Being a both/and party

The fantastic Maryan Street was awarded life membership at the Labour Party annual conference yesterday, and in her speech she said some things which really rang true for me. She rejected the idea that Labour has to prioritise or pick and choose which principles it follows:

We’ve never been the either/or party. We opposed the invasion of Abyssinia AND we built state houses.

And spelled out something I’ve thought for a long time (slightly paraphrased):

Economic equality is not so far away from gender equality. Equity is not so far away from pay equity. The living wage – living with dignity – is not so far away from dying with dignity.

The first point I’d make is one I’ve made a few times: we can do more than one thing at a time. But too frequently, some groups – usually women, or Māori, or young people, etc – are basically told to sit down and hush and “when we get into government we’ll deal with your issues. But right now, they’re a distraction.”

On the other hand, the other side – usually the older, whiter, dudely groups – will argue that we’ve focused too much on precisely those issues. Look at the political credit we burned on anti-smacking legislation (even though it was a Green member’s bill overwhelmingly supported in Parliament) or marriage equality (even though it was a hugely popular, highly successful campaign). Haven’t you lot had enough of the spotlight?

Yet, I’d argue, just look at the bread-and-butter work of the Labour Party. We have a Future of Work commission – not a Future of Women commission. We still treat the Finance portfolio as the single most senior role after the leadership – not Pacific Affairs.

Who’s right? Everyone and no one. Both sides (and it’s a massive oversimplification to talk only of two sides) can field any number of arguments and retorts and examples to justify their sense of unfairness. No one will ever change their minds as long as we hold onto the idea that we’re talking about separate, distinct issues.

That’s where the second point comes in. Being a “both/and party” instead of an “either/or party” isn’t just about multitasking. It can mean recognising that our issues aren’t distinct.

So I flippantly say we don’t have a Future of Women commission. And someone might look at that and say “see, bloody feminists, they just want things for themselves, what about the future of men, huh?” but the fact is that the future of work is indistinguishable from the future of women. Women’s empowerment and economic activity (which we should stop talking about, but indulge me) globally, represent a massive force for change. People’s ability to plan their families, their access to healthcare or education or civic society or legal protections are just as important, if not more, than the increasing progress of technology.

A lot of that might sound like frightening, fringe-issue identity politics which don’t appeal to Middle New Zealand.

But it’s a fundamental principle of the labour movement: when you lift the wages and conditions of workers in one site or one major industry, it ripples out across the whole community. And when you reduce inequality, everyone in society benefits, even the people at the top.
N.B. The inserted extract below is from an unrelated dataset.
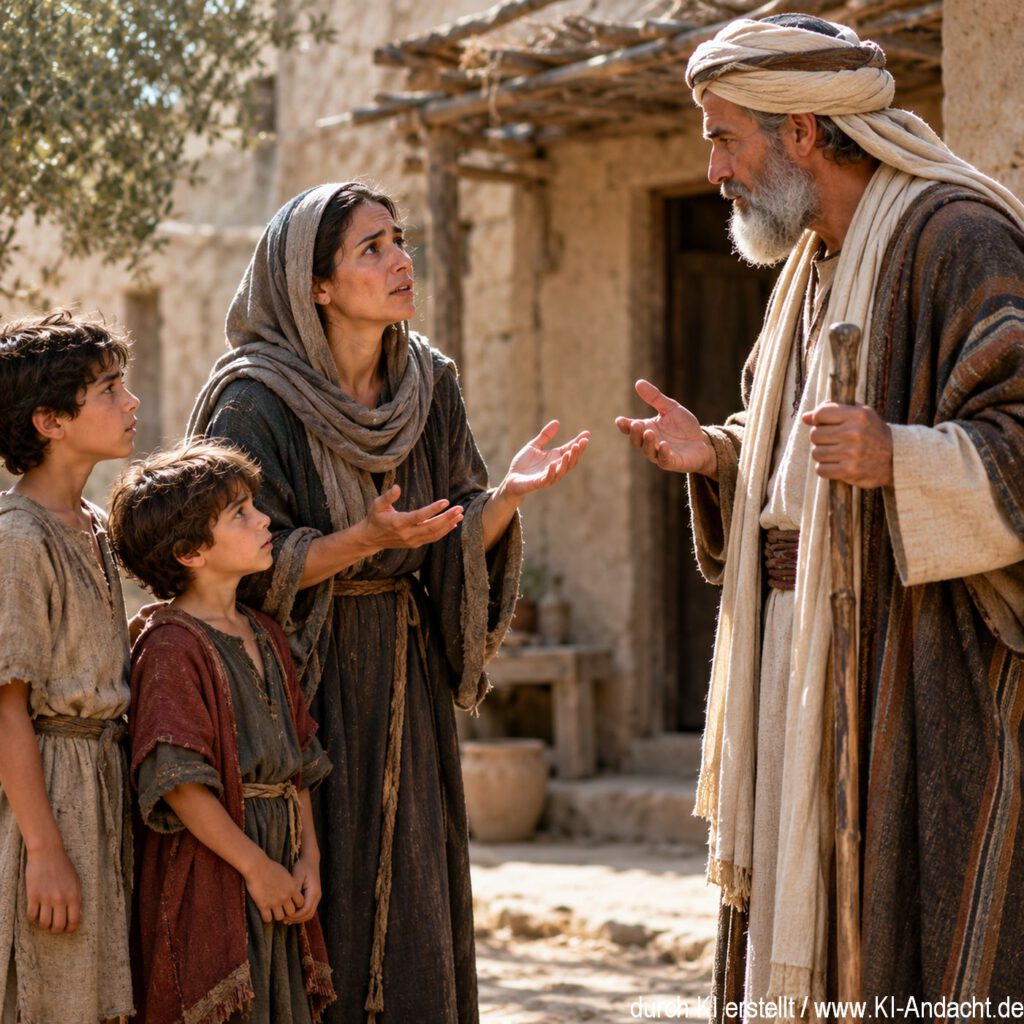 Prophet Elisa spricht mit einer Witwe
We’re all fighting the same fight. Our issues all fundamentally come down to one: capitalism, an oppressive power structure that impacts everyone differently, but impacts everyone nevertheless.

And if we move out of this either/or frame of thinking, and remember that not only can we do more than one thing at a time, but we are doing more than one thing at a time when we support each other in our struggles, think how much more we could do.
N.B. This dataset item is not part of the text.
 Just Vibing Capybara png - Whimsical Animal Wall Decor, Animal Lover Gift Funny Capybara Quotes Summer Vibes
When are identities political?

Morgan Godfery has a great post up at The Ruminator about the Auckland housing/Chinese surnames story. His last paragraph inspired me to start jotting down notes for this post on the bus home:

The irony here is that almost a year ago a handful of Labour MPs, Twyford included, were complaining about how their party lost the election because it was focused on identity. These same MPs are now pandering to issues of identity. Singling out ethnic Chinese, in a blatant attempt to court what David Shearer once called the white blokes’ vote, is the worst form of identity politics.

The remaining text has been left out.